The Board of Trustees has sent the new, revised negotiating team to O’Conner’s desk for approval.
For most of 2020, MiLB’s negotiations with Major League Baseball were run by a negotiating committee led by five minor league team owners: Joe Finley, Marv Goldklang, Andy Sandler, Tom Volpe and D.G. Elmore. That is the group that was disbanded by O’Conner on Aug. 3.
They were replaced by the O’Conner-appointed transition committee, which was headed by MiLB Board of Trustees members Sam Bernabe and Ken Schnacke. With the new transition committee installed, MiLB presented to MLB a new proposal on the structure of the minors for 2021 and beyond.
The Board of Trustees was not consulted before the new MiLB negotiating proposal was sent to MLB.

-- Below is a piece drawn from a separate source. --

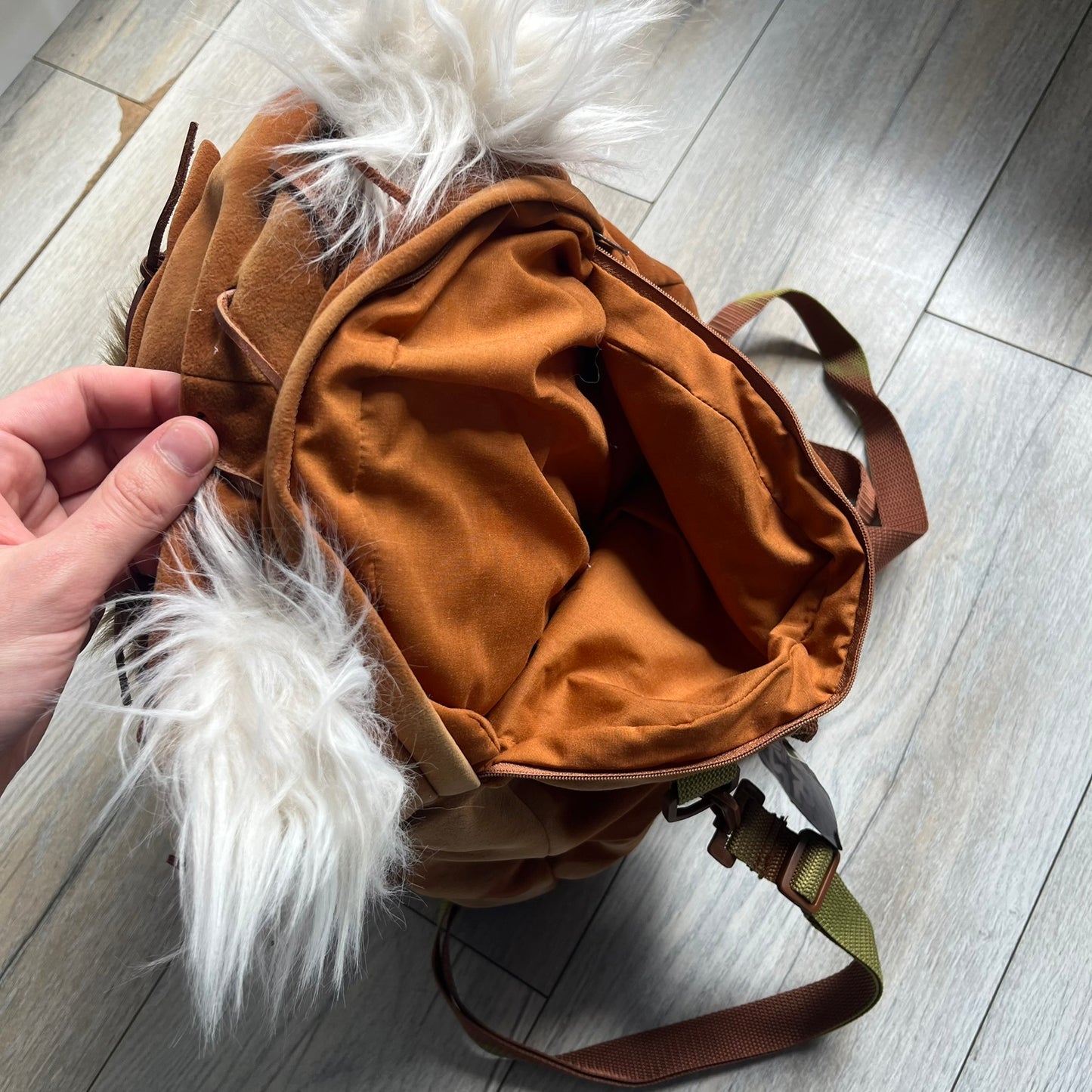 Star Wars 1990s Ewok Wicket Head Backpack is a plush backpack designed in the shape of the Ewok character Wicket W. Warrick. The bag features a brown Ewok face with a white beard and a brown hood, along with green camo-style shoulder straps. It includes a 1990s Star Wars neck tag and original paper tag.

Major League Baseball acknowledged receiving the new proposal and indicated its regret to Minor League Baseball that the negotiating team it worked with for months was being replaced. Otherwise, it did not officially respond to the substance of the proposal.
The Board of Trustees held a call Aug. 7 without O’Conner to get a sense of whether the Board felt it should install a new negotiating group, leading to the Board of Trustees appointing the new negotiating team.
It’s not clear, however, whether or when the new group will actually get a chance to negotiate. Before the Aug. 11 Board of Trustees meeting, O’Conner spelled out in clear terms that he believes he holds sole power to select and guide who negotiates for MiLB in its discussions with MLB.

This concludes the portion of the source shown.